Bucketing, Multiplexing and Combining in Hadoop - Part 1

05.20.2013
| 2693 views |
  • submit to reddit

This is the first blog post in a series which looks at some data organization patterns in MapReduce. We’ll look at how to bucket output across multiple files in a single task, how to multiplex data across multiple files, and also how to coalesce data. These are all common patterns that are useful to have in your MapReduce toolkit.

We’ll kick things off with a look at bucketing data outputs in your map or reduce tasks. By default when using a FileOutputFormat-derived OutputFormat (such as TextOutputFormat), all the outputs for a reduce task (or a map task in a map-only job) are written to a single file in HDFS.
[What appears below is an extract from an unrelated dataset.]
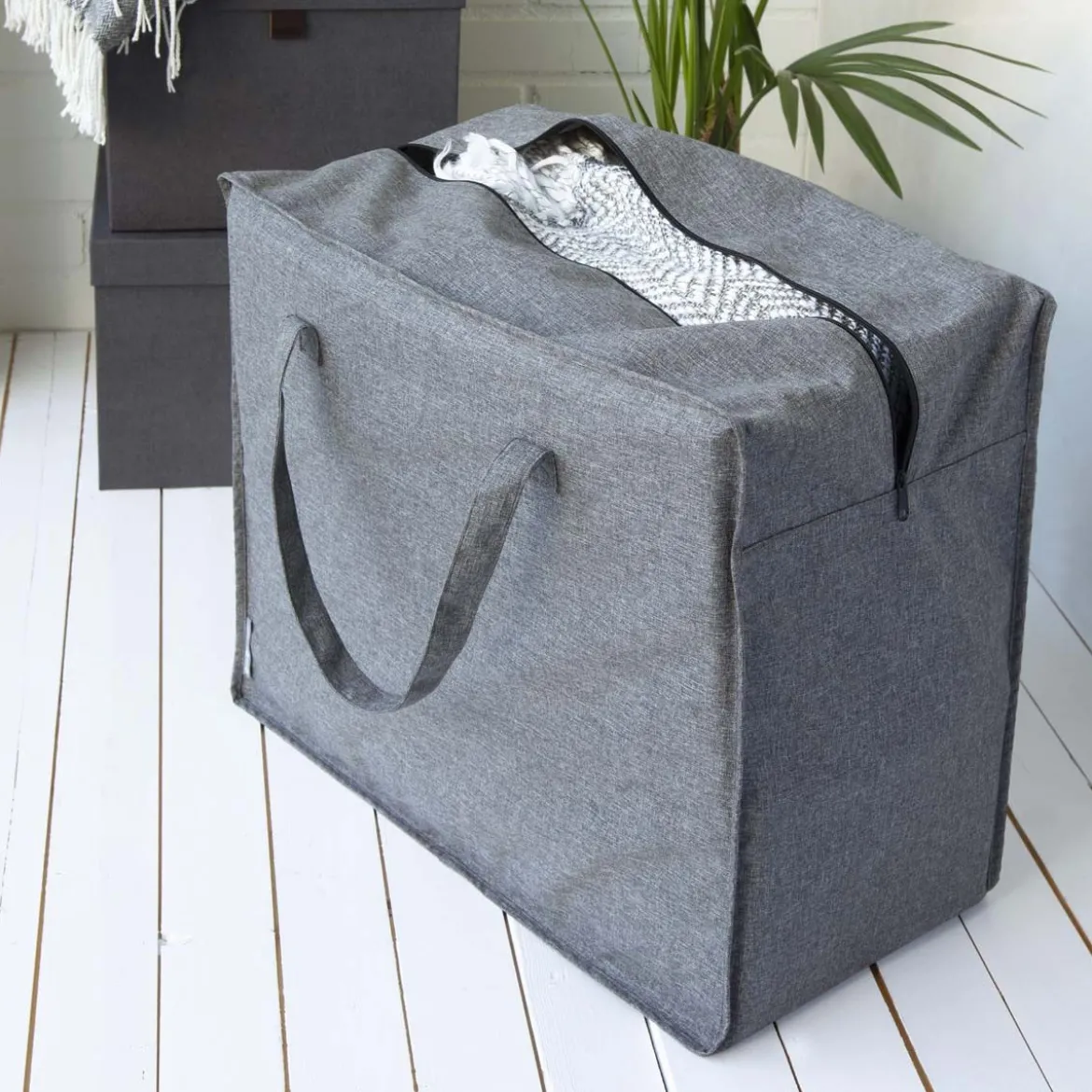 Grand sac de rangement en tissu gris chiné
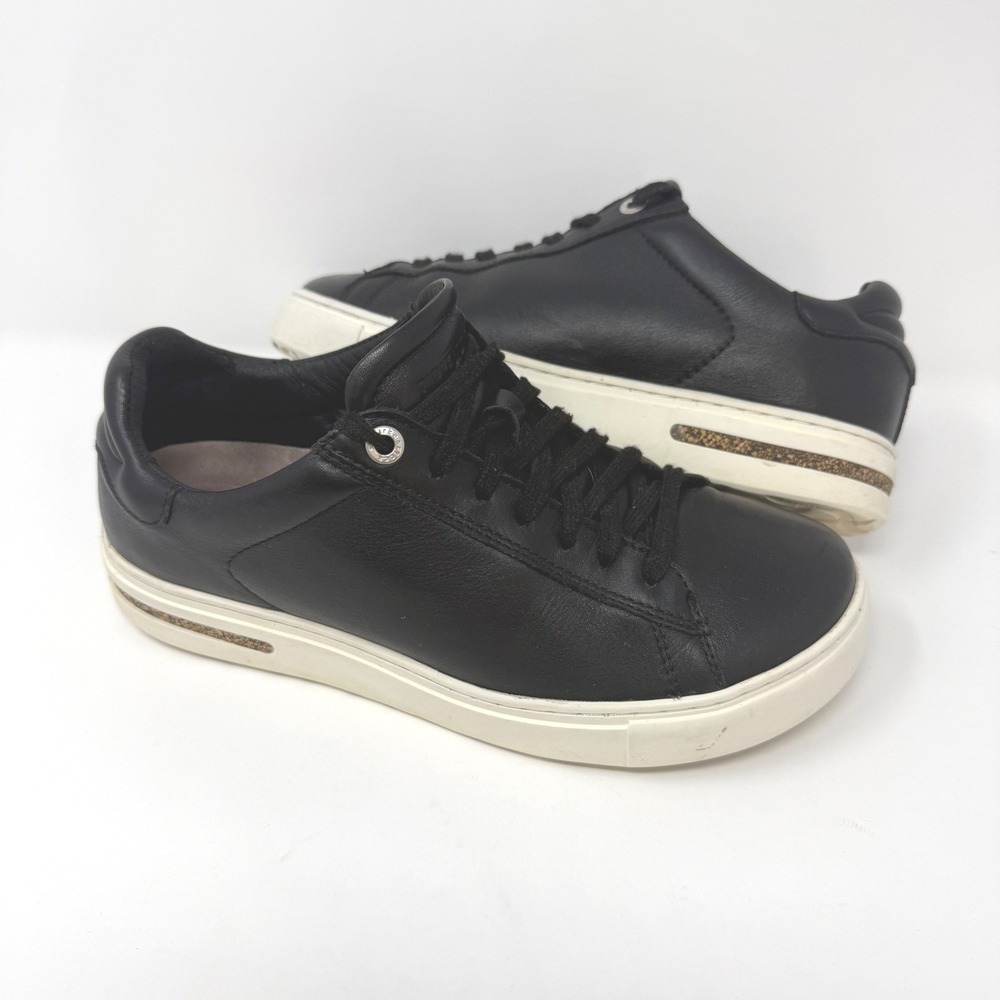 Birkenstock Bend Low Black Leather Sneakers Womens 37 L6 M4 Round Toe Lace Up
Image of single output file for a task

Imagine a situation where you have user activity logs being streamed into HDFS, and you want to write a MapReduce job to better organize the incoming data. As an example a large organization with multiple products may want to bucket the logs based on the product. To do this you’ll need the ability to write to multiple output files in a single task. Let’s take a look at how we can make that happen.

MultipleOutputFormat

There are a few ways you can achieve your goal, and the first option we’ll look at is theMultipleOutputFormat class in Hadoop. This is an abstract class that lets you do the following:

  • Define the output path for each and every key/value output record being emitted by a task.
  • Incorporate the input paths into the output directory for map-only jobs.
  • Redefine the key and value that are used to write to the underlying RecordWriter. This is useful in situations where you want to remove data from the outputs as it duplicates data in the filename.
  • For each output path, define the RecordWriter that should be used to write the outputs.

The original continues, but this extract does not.